Frankly, I don’t know how much of this threat is typical Greenwald bombast and how much is real.
But there’s no doubting that Edward Snowden has embarrassed the government beyond any other revelations from a leaker, including the Wikileaks cables, have and that if anyone did have information that would end up being the government’s “worst nightmare,” Snowden would be that guy.
Fugitive former U.S. spy contractor Edward Snowden controls dangerous information that could become the United States’ “worst nightmare” if revealed, a journalist familiar with the data said in a newspaper interview.
Glenn Greenwald, the Guardian journalist who first published the documents Snowden leaked, said in a newspaper interview published on Saturday that the U.S. government should be careful in its pursuit of the former computer analyst.
“Snowden has enough information to cause harm to the U.S. government in a single minute than any other person has ever had,” Greenwald said in an interview in Rio de Janeiro with the Argentinean daily La Nacion.
“The U.S. government should be on its knees every day begging that nothing happen to Snowden, because if something does happen to him, all the information will be revealed and it could be its worst nightmare.”
Snowden, who is sought by Washington on espionage charges after revealing details of secret surveillance programs, has been stranded at a Moscow airport since June 23 and is now seeking refuge in Russia until he can secure safe passage to Latin America, where several counties have offered him asylum.
Greenwald told Reuters on Tuesday that Snowden would likely accept asylum in Venezuela, one of three Latin American countries that have made that offer.
Snowden’s leaks on U.S. spying secrets, including eavesdropping on global email traffic, have upset Washington’s friends and foes alike.
Latin American leaders lashed out at the United States after Greenwald reported in a Brazilian newspaper that the U.S. targeted most of the region with spying programs that monitored Internet traffic.
Washington has urged nations not to give Snowden safe passage.
Greenwald said in his interview with La Nacion that documents Snowden has tucked away in different parts of the world detail which U.S. spy programs capture transmissions in Latin America and how they work.
“One way of intercepting communications is through a telephone company in the United States that has contracts with telecommunications companies in most Latin American countries,” Greenwald said, without specifying which company.
I would think that if Snowden knows the names and locations of our intelligence assets in certain parts of the world, that might constitute our “worst nightmare.” Otherwise, methods of gathering intelligence, once exposed, would cause a major inconvenience for a few months, but probably not permanently affect our ability to snoop. Networks could be rebuilt with difficulty, but eventually we’d have the same capabilities that we started with.

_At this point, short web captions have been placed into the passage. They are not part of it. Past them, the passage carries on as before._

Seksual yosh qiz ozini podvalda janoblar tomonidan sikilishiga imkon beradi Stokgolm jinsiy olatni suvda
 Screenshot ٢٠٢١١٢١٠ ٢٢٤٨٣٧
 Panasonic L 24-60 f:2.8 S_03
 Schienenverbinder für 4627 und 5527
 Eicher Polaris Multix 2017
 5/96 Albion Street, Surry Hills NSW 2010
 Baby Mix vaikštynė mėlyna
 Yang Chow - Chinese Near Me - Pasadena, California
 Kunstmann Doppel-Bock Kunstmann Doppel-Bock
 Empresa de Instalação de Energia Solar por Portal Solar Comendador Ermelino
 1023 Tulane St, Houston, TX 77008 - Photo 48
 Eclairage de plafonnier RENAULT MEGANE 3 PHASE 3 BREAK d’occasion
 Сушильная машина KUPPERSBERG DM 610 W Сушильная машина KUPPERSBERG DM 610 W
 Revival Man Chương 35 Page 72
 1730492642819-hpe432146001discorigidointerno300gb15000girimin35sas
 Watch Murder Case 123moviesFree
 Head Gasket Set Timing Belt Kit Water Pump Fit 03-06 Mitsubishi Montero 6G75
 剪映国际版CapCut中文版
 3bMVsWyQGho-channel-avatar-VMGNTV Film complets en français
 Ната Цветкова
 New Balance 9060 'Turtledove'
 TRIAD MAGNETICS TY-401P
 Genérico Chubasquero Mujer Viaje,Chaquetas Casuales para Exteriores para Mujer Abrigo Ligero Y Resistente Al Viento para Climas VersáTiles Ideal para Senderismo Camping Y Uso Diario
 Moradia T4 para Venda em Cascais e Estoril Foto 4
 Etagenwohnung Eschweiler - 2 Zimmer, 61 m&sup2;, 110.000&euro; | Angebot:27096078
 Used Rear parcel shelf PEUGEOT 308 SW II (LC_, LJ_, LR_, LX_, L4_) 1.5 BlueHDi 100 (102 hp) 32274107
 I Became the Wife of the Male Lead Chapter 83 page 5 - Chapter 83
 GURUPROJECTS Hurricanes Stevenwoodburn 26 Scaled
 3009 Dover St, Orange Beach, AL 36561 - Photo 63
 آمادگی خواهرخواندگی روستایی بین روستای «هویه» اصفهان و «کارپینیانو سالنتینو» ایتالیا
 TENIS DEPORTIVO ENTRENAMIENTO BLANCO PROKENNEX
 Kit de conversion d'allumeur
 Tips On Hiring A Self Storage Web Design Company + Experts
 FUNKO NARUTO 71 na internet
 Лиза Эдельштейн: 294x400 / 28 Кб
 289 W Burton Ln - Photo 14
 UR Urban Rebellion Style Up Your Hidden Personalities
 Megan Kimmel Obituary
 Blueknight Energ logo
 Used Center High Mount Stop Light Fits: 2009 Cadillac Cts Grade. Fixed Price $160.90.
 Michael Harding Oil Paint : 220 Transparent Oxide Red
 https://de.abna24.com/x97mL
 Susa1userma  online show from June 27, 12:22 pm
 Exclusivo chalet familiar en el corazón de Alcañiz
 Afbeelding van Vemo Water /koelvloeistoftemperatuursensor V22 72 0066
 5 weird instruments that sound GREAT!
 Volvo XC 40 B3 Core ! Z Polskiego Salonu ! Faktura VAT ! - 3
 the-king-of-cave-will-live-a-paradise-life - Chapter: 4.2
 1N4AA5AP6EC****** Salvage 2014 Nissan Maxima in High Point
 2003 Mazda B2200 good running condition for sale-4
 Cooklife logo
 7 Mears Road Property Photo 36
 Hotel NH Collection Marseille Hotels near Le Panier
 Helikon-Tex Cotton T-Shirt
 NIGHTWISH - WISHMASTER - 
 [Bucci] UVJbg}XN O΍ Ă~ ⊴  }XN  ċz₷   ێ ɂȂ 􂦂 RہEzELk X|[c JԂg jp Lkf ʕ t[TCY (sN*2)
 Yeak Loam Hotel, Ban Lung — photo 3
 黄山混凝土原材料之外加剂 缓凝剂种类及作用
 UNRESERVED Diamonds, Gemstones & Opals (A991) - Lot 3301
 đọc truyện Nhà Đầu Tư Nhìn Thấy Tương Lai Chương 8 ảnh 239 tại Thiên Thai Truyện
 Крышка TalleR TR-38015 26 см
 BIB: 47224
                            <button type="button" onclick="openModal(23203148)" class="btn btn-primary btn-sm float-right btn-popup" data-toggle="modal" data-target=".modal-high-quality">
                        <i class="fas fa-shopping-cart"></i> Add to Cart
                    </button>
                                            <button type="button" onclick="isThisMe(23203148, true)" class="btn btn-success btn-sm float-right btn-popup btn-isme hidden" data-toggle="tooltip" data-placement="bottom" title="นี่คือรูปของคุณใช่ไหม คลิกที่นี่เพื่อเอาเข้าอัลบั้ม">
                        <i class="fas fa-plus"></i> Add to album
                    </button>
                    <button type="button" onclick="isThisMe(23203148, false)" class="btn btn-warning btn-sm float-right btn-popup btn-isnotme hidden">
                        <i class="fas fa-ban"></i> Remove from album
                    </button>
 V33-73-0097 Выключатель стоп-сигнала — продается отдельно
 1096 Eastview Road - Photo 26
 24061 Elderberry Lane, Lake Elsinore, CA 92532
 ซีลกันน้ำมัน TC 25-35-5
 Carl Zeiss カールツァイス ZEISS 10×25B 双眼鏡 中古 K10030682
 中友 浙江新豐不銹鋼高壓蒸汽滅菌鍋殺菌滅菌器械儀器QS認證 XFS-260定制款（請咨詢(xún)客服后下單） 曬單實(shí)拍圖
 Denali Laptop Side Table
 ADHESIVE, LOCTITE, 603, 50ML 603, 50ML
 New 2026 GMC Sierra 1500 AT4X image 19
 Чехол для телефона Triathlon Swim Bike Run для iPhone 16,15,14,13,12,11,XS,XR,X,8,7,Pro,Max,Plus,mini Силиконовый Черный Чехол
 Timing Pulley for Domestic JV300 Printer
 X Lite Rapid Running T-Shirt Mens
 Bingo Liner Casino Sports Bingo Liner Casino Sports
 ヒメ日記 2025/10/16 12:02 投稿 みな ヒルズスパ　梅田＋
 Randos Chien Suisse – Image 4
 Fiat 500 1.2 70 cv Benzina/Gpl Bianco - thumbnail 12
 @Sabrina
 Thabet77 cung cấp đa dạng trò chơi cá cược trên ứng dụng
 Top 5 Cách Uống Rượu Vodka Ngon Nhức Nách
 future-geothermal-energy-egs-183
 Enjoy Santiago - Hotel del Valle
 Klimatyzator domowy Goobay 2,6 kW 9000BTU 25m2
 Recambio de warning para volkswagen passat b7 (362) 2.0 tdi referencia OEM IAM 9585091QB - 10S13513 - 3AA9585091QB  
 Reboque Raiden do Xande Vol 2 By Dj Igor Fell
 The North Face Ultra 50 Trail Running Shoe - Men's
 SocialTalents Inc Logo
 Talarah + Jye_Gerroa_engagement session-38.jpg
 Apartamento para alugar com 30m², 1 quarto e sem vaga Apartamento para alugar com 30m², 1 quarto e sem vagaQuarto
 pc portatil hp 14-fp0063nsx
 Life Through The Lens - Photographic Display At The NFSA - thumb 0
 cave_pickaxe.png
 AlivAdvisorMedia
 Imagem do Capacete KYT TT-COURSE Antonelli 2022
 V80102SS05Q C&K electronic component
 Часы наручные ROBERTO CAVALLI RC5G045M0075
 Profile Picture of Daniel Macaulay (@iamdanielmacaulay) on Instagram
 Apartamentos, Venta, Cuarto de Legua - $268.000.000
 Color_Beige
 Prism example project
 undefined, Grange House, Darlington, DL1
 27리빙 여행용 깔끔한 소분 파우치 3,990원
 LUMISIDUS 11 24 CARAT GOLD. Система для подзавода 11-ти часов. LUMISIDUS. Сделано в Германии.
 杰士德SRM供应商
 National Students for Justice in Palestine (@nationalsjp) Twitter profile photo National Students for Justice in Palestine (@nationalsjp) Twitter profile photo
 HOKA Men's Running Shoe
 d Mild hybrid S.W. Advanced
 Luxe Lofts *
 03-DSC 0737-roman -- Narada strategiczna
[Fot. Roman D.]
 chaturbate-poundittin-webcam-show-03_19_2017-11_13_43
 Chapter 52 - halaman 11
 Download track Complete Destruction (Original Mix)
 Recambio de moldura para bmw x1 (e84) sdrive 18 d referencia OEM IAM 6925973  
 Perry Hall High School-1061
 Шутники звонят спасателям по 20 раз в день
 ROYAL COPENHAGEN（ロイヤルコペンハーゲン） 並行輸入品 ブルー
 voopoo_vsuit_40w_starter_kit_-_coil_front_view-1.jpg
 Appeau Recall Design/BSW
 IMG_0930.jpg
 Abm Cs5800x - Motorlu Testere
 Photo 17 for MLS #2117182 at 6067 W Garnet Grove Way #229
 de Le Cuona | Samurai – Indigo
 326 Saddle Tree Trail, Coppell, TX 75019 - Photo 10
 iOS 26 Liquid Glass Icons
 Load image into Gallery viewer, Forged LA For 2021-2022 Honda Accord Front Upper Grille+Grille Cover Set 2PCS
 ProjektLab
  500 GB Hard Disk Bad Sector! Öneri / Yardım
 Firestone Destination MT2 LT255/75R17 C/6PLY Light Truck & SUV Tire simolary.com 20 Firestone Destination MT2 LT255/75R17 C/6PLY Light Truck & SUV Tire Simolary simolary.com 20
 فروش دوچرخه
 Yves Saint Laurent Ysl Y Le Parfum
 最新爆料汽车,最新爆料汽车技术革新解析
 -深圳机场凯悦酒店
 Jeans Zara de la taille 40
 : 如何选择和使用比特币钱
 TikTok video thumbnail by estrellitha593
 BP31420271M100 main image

Is Snowden paranoid to believe he might be in danger? I would think he’d be in far greater danger from some other country’s intelligence agents (who would love to get a hold of him for purposes of wringing from him valuable intel) than from the U.S. government. If he takes a bullet, who’s going to believe it wasn’t the U.S.?
It seems a certainty that we are in for a long period of revelations from Mr. Snowden, which in and of itself might constitute the U.S. government’s worst nightmare.